◆ **Problem details**
Your copy of the data below must be exact and must leave out all pictures.

◆ **Information provided**

<<<<

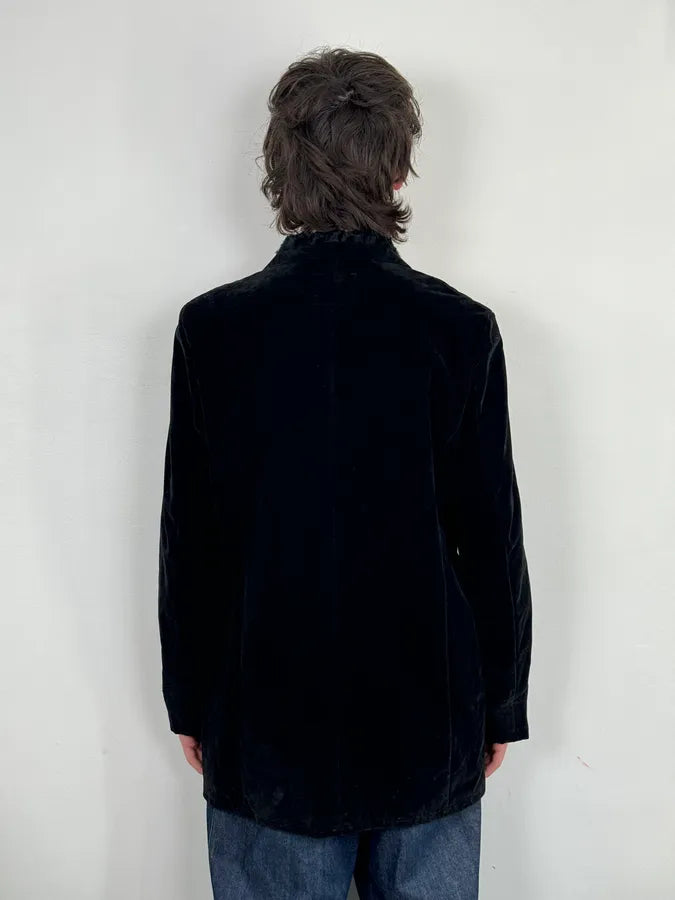 2000s Yohji Yamamoto Y’s Black Faux Suede Double Breasted Jacket XZptIXt 2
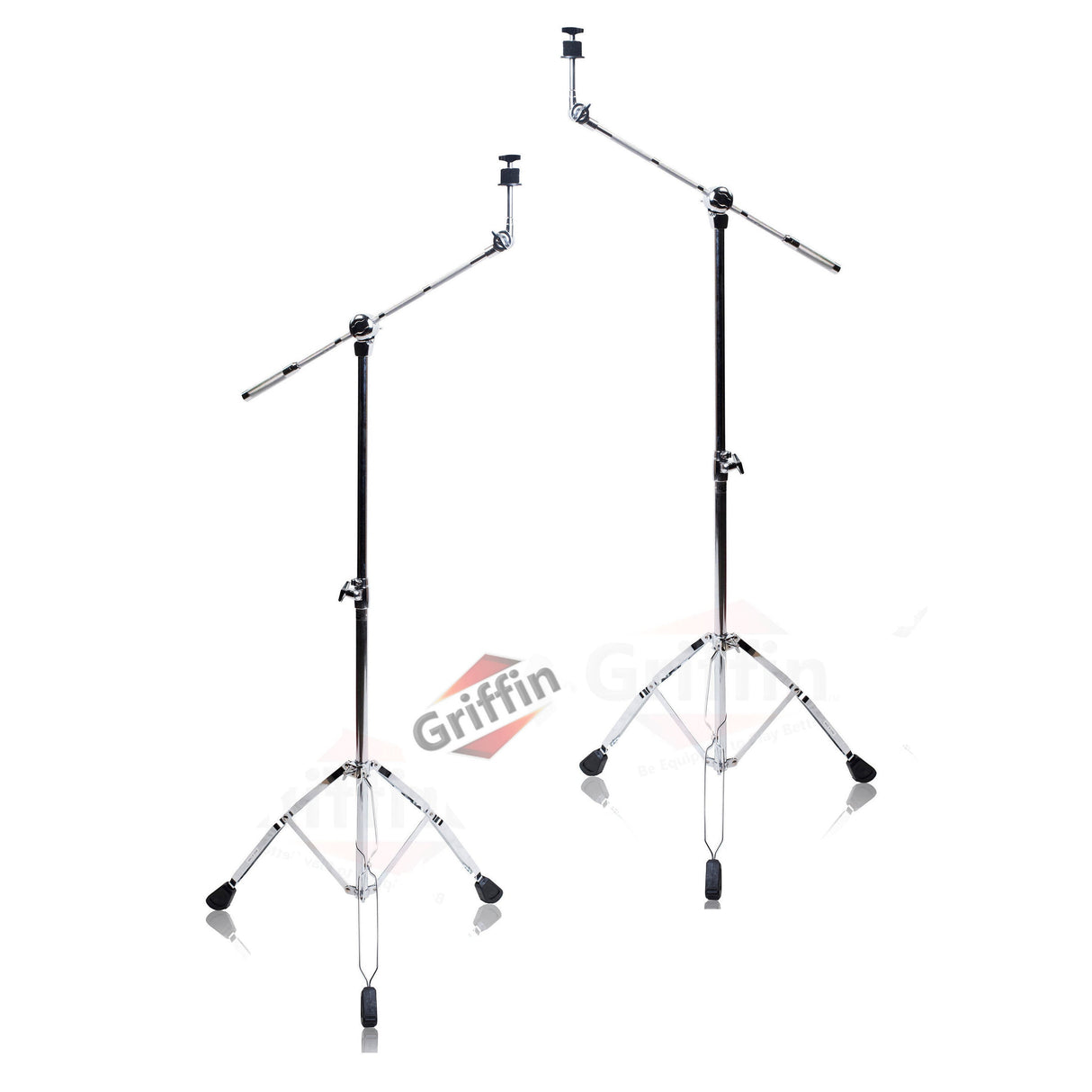 Cymbal Stand With Boom Arm by GRIFFIN (Pack of 2) | Drum Percussion Gear Hardware Set with Double Braced Legs | Counterweight Adapter for Mounting Heavy Duty Crash, Ride, Splash Cymbals For Drummers by GeekStands.com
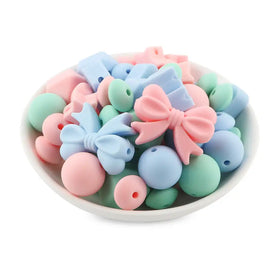 Bow Silicone Variety Bead Pack - 63 Pieces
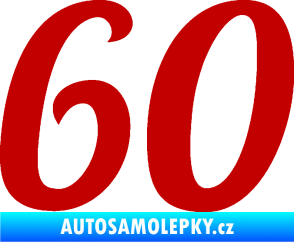 Samolepka Startovní číslo 60 typ 3 tmavě červená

>>>>

◆ **Solution for this problem**
 2000s Yohji Yamamoto Y’s Black Faux Suede Double Breasted Jacket XZptIXt 2
 Cymbal Stand With Boom Arm by GRIFFIN (Pack of 2) | Drum Percussion Gear Hardware Set with Double Braced Legs | Counterweight Adapter for Mounting Heavy Duty Crash, Ride, Splash Cymbals For Drummers by GeekStands.com
 Bow Silicone Variety Bead Pack - 63 Pieces
 Samolepka Startovní číslo 60 typ 3 tmavě červená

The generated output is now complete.